Gespannt horchte sie in die Stille, darauf hoffend, irgendeine Äußerung erlauschen zu können.
Und dann ‚hörte’ sie es tatsächlich! Es kam ihr fast so vor, als atmete der ganze Raum panisch und voller Angst, entdeckt zu werden.
Es schien, als wäre eine Verbindung hergestellt. Zwischen Rolf, dem Raum und ihr selbst. Unsichtbar, aber voller Macht.

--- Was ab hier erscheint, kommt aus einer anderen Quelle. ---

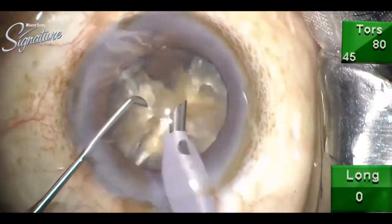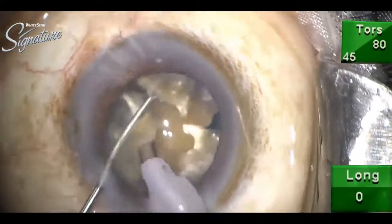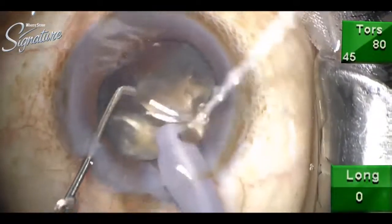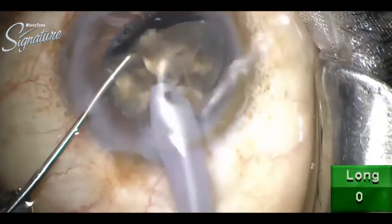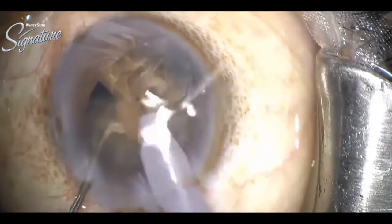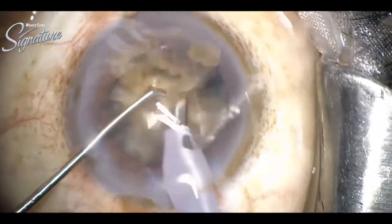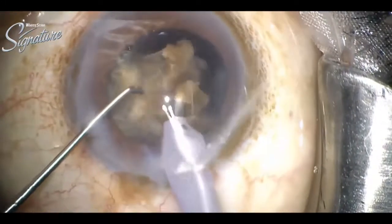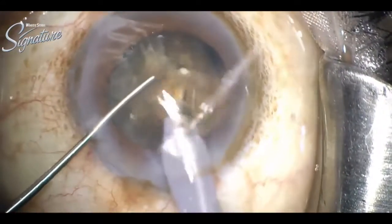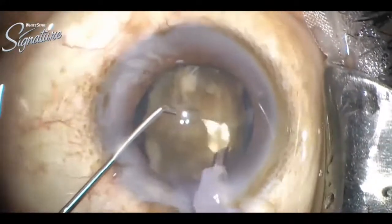The chamber is well maintained. Now the AC is again formed with viscoelastic. It is important to form the AC again and again as we emulsify the nucleus. The probe is at the center, kept sideways, and the followability is good.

„Gut, dann bleib einfach wo du bist. Ich wollte dir nur sagen, dass ich nicht mehr böse auf dich bin und dass du gerne zu mir kommen kannst, wenn du möchtest, zum Reden oder so...“ Sie blieb noch für ein paar Sekunden bewegungslos stehen, dann spürte sie eine gewaltige Welle durch ihren Körper brausen. Sie bestand aus Mitgefühl, tief vergrabenem Ärger, Wut und anscheinend auch aus etwas salzigem Wasser, das ihr so überraschend in die Augen schoss, dass sie sich nun beeilte, den Fahrradkeller so schnell als möglich zu verlassen. Nicht, dass Rolf sie hier noch weinen sehen musste..
Schnell hastete sie mit ihrem Rad unter dem Arm die Kellertreppe hinauf und schwang sich, oben angekommen, schwungvoll auf den Sattel .
Oh mein Gott, Rolf! Es tut mir so leid.
Und es überkam sie eine ganz reale Ahnung davon, was Maja mit ih rer bedingungslosen Liebe gemeint haben könnte.
Überall in den Gärten blühten Krokusse und auch schon ein paar gelbe Narzissen leuchteten farbenfroh dazwischen. Die Luft duftete nach Frühling.
Rebecca fragte sich jedes Jahr aufs Neue, woher dieser Frühlingsduft kam, den man selbst dort noch wahrnahm, wo weit und breit nichts Blühendes zu sehen war. Und jedes Mal löste dieser Duft ein Hochgefühl in ihr aus, das ihr einen unglaublichen Energieschub verpasste, so dass sie vor Freude und Übermut am liebsten getanzt hätte.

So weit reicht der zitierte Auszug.